One thing Yvonne does want to talk about are her days as a starlet. “I was on cloud nine all the time. After I made my hit in ‘Salome,’ Universal sent me to New York so I could learn to be a proper movie star. I lived at the Sherry-Netherlands for two months and I went to the John Robert Powers school. They taught me things like how to walk off a New York curb and how to enter a room in a manner befitting a big-time movie star. They also tried to teach me how to eat. I was so nervous that when I started to lift my soup spoon to my mouth, my hand shook so much that I had to put the spoon down again. I couldn’t eat soup for a whole year after that.”

But being a movie star in those days was good clean fun, and so were most of the movies. Has Yvonne detected any change? “You can say my answer to that is rolling my eye balls and an open mouth,” she says, removing her dark glasses and illustrating her own answer with an astonishing amount of oomph.

“I took my two teenage sons to see ‘Little Fauss and Big Halsy,’ because they dig motorcycles. And they were stuck with this girl coming up on the screen and baring her chest. And I was stuck with her, too. It’s odd – even though sex is accented so much, the male stars don’t really have sex appeal. Like Dustin Hoffman – how can anyone say he’s sexy?

“We had dinner with Duke Wayne and his wife recently,” she says, putting her dark glasses on again. “He’s really worried about the picture industry and how much harm it’s done. And he isn’t just making casual conversation, either. Duke is very concerned.”

Yvonne makes it clear that she shares more than one of Duke Wayne’s concerns. Vietnam, for example. “I have two boys and I don’t want to see them lose their lives in Vietnam.

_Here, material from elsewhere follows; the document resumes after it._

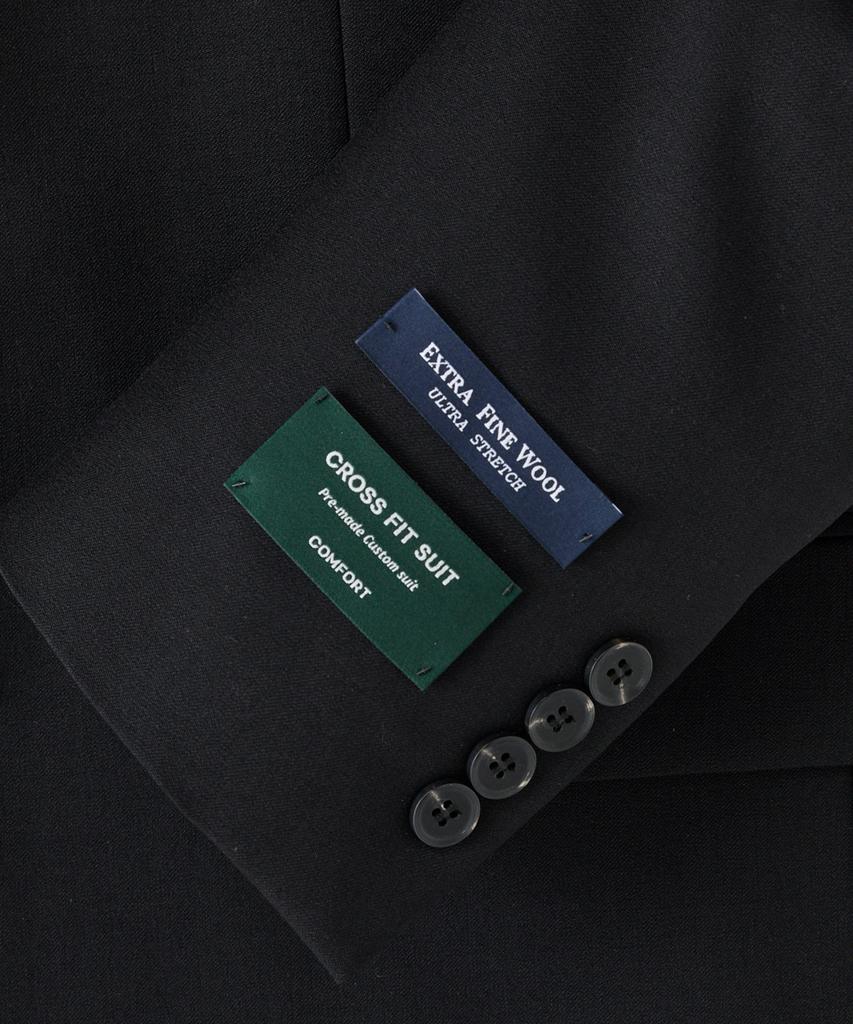 Stco [3X3 Crossfit] Four-Way Stretch Tw Suit Jacket_Black (Comfort Fit)_Ssjxz71Nsb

But I know there must be a bloody good reason for what’s going on over there. My boys believe in the war, that it’s the right thing. They figured it out on their own.”

It would seem to follow that Yvonne is not overly fond of Jane Fonda and her antiwar shows for G.I.’s. In fact, the very mention of her name causes Yvonne to stick out her tongue and make an unladylike noise. “I’d love it if they kicked her off the base,” she says. “They can let Donald Sutherland stay if he wants, but they ought to give Fonda the boot. I could tell you a lot of things about her that most people don’t know.”

Like her political heroes, Yvonne is all in favor of law and order, although she will admit that it is sometimes a temptation to take the law in her own hands. “You know what I’d like? I’d like to be invisible so I could take my Luger and shoot all these people who go around shooting cops. In California, they’re getting shot all the time. A policeman is standing on the freeway giving somebody a ticket, and – bang! – somebody else drives by and shoots him down.”

Yvonne’s Luger is part of a sizeable collection of guns and knives. “Why shouldn’t I collect them? Lots of people do. Shooting happens to be the only thing I ever learned to do quickly. You ought to see me trying to learn a new dance routine – it’s pitiful! But I could always shoot. I’m sure that if I chewed tobacco, I could hit the spittoon every time.”

Despite her Hollywood fame, Yvonne does not have one of the leading roles in “Follies.” Like Alexis Smith and Dorothy Collins, she is starred in the show, but unlike them, she is billed below the title. Actually, the part that Yvonne first auditioned for was the larger one that Alexis Smith finally landed. “That really wasn’t my kind of woman; it wasn’t somebody I could identify with. You know, a brittle, society-type dame.”

Does that mean that Yvonne has something in common with the luxury-loving movie star she now plays?

“Not really. She has this 26-year-old boy friend and says that next year she’ll have somebody else. Well, that’s not me. It could be me, but it’s not." [Editor's Note: De Carlo, who eventually divorced Robert Morgan, listed 22 former lovers in her 1987 "Yvonne: An Autobiography." They included Howard Hughes, Burt Lancaster, Robert Taylor, Billy Wilder and Aly Khan.]

How are her nerves now, with Broadway bearing down on her?

“I’m from Hollywood,” says Yvonne De Carlo, tilting her dark glasses and winking in a way that would have reduced Rod Cameron to jelly. “I’m too dumb to be nervous about New York.”